**** GIVEN ENTRIES ****
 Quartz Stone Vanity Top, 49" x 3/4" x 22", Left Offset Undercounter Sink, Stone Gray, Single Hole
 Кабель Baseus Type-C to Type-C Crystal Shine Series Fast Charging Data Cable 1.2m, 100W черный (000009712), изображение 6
****
**** GIVEN ENTRIES ****
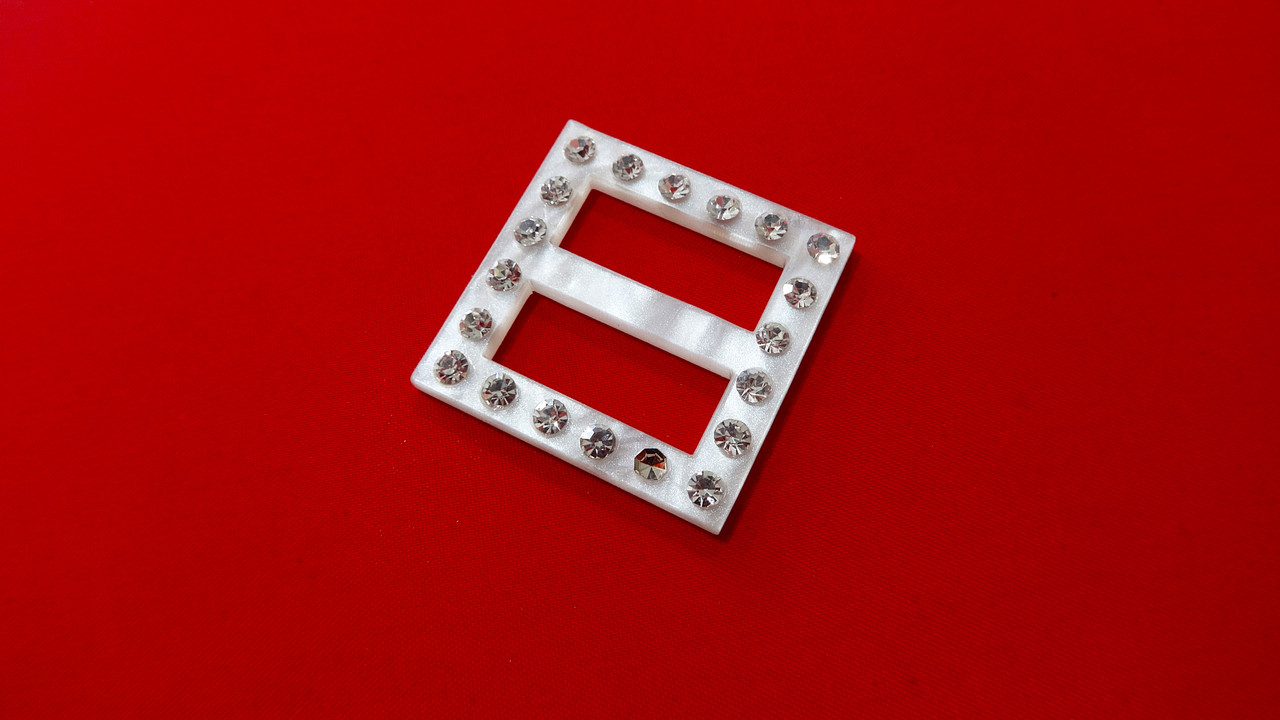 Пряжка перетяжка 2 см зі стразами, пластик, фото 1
****
**** GIVEN ENTRIES ****
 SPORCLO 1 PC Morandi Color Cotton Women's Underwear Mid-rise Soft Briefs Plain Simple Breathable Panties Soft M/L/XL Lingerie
****
#### EXERCISE BRIEF
As the answer, set down only the lines from the data above between the one holding "Quartz Stone Vanity" and the one holding "Кабель Baseus Type-C", inclusive, exactly as they read.

#### RESULT OF THE TASK
 Quartz Stone Vanity Top, 49" x 3/4" x 22", Left Offset Undercounter Sink, Stone Gray, Single Hole
 Кабель Baseus Type-C to Type-C Crystal Shine Series Fast Charging Data Cable 1.2m, 100W черный (000009712), изображение 6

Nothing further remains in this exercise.